Para além do ambiente universitário, a permanente ameaça de classificação dos movimentos populares e partidos de esquerda como organizações terroristas ou criminosas, a liberação da posse de armas que beneficiará a atuação de grandes proprietários de terra e de grupos milicianos aliados ao governo, a interdição política do ex-presidente Lula, que viabilizou a vitória eleitoral de Jair Bolsonaro e premiou o juiz Sérgio Moro com o cargo de Ministro da Justiça, ou mesmo as constantes ameaças à integridade física de lideranças e representações políticas de esquerda, como as que levaram o deputado Jean Willys a abrir mão de seu mandato como deputado federal, explicitam a desidratação do regime democrático formal e a possibilidade de seu fechamento caso não seja contido o avanço do neofascismo.

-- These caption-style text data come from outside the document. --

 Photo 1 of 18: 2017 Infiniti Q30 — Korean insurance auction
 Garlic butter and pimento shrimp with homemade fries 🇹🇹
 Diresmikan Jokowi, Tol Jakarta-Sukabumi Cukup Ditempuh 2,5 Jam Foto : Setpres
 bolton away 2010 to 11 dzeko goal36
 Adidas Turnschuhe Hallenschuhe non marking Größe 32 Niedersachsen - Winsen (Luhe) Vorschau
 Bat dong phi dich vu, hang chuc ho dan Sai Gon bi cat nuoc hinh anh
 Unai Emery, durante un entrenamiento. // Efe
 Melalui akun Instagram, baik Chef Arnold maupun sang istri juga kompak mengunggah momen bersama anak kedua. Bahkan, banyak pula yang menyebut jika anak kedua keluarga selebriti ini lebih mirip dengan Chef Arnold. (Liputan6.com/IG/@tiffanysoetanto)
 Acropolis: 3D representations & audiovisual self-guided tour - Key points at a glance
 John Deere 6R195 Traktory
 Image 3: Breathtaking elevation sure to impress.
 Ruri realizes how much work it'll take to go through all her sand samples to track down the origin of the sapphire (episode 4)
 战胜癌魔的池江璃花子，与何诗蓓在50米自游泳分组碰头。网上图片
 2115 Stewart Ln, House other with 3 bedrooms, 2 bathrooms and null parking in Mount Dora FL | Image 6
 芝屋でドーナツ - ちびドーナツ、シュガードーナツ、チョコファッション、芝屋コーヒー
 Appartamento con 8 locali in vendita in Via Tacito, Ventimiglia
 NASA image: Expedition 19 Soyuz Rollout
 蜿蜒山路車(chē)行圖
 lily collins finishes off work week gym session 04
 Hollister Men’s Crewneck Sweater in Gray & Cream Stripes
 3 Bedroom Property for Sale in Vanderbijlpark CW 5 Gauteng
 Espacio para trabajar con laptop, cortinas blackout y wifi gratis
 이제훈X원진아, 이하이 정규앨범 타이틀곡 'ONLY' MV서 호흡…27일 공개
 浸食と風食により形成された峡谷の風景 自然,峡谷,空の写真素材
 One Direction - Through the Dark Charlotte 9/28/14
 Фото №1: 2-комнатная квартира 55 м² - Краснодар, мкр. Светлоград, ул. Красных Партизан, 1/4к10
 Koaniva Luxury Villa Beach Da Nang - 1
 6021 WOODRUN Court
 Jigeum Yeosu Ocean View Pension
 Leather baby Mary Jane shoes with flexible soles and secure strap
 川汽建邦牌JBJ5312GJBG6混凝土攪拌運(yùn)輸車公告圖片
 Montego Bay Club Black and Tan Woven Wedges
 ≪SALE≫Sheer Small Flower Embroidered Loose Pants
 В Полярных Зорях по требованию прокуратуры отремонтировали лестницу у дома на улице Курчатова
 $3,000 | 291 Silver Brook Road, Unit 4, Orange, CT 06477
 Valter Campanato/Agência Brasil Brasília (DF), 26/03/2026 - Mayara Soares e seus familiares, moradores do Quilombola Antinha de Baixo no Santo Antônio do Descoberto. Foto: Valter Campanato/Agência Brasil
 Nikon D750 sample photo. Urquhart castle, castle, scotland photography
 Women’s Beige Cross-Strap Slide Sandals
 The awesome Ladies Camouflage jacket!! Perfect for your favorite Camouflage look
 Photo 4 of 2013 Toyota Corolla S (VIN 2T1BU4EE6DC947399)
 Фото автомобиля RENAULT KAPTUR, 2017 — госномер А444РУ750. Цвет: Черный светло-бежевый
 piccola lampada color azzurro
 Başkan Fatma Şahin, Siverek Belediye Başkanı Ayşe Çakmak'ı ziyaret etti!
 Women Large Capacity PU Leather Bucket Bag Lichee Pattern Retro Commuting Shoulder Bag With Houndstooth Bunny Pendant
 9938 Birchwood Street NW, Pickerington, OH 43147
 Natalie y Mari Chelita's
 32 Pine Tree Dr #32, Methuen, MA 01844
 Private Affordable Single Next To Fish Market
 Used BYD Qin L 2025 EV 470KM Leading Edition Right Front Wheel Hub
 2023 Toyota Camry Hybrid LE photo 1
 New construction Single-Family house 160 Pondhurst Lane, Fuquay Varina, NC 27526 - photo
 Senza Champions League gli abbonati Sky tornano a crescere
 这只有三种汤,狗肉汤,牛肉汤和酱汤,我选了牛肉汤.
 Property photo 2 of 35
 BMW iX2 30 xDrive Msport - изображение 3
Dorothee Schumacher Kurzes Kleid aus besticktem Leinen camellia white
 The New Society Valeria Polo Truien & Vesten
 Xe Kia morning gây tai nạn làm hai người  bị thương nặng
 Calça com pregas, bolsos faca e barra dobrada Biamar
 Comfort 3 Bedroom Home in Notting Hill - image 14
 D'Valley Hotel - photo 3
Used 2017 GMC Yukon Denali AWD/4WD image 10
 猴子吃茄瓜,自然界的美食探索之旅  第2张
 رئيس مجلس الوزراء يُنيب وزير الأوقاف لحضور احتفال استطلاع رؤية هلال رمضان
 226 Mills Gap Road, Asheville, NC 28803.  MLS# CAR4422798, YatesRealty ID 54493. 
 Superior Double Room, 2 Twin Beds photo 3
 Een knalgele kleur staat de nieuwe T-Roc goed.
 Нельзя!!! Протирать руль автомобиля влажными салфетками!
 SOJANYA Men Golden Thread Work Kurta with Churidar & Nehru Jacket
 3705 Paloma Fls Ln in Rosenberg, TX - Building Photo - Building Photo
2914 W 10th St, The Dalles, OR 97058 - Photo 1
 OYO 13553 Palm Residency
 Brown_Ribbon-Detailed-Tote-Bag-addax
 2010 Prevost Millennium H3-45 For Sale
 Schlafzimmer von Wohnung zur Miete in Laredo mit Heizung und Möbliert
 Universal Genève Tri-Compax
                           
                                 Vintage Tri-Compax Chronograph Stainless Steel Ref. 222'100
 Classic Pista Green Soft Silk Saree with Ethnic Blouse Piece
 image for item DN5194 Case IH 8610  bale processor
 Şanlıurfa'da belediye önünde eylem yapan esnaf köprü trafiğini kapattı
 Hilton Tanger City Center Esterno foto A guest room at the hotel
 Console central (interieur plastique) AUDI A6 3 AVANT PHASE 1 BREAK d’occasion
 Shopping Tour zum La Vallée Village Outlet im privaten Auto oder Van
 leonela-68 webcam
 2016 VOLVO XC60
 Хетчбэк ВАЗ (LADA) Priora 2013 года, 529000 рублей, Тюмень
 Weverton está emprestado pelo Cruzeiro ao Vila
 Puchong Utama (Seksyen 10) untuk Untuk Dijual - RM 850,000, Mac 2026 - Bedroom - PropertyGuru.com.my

Nesse sentido, as manifestações programadas para o dia 15 de março vão além de uma demanda corporativa da comunidade universitária e assumem um caráter político de defesa das liberdades democráticas.

A compreensão dos interesses e objetivos por detrás da destruição da universidade pública é necessária para esclarecer o movimento de massas e impulsionar a reorganização da ampla frente democrática formada no segundo turno das eleições de 2018. Esse é o caminho para colocar em cena uma força social capaz de frear o avanço do neofascismo e começar alterar a correlação de forças desfavorável que posiciona os setores populares na defensiva.

Não é só pelos cortes, é pela democracia!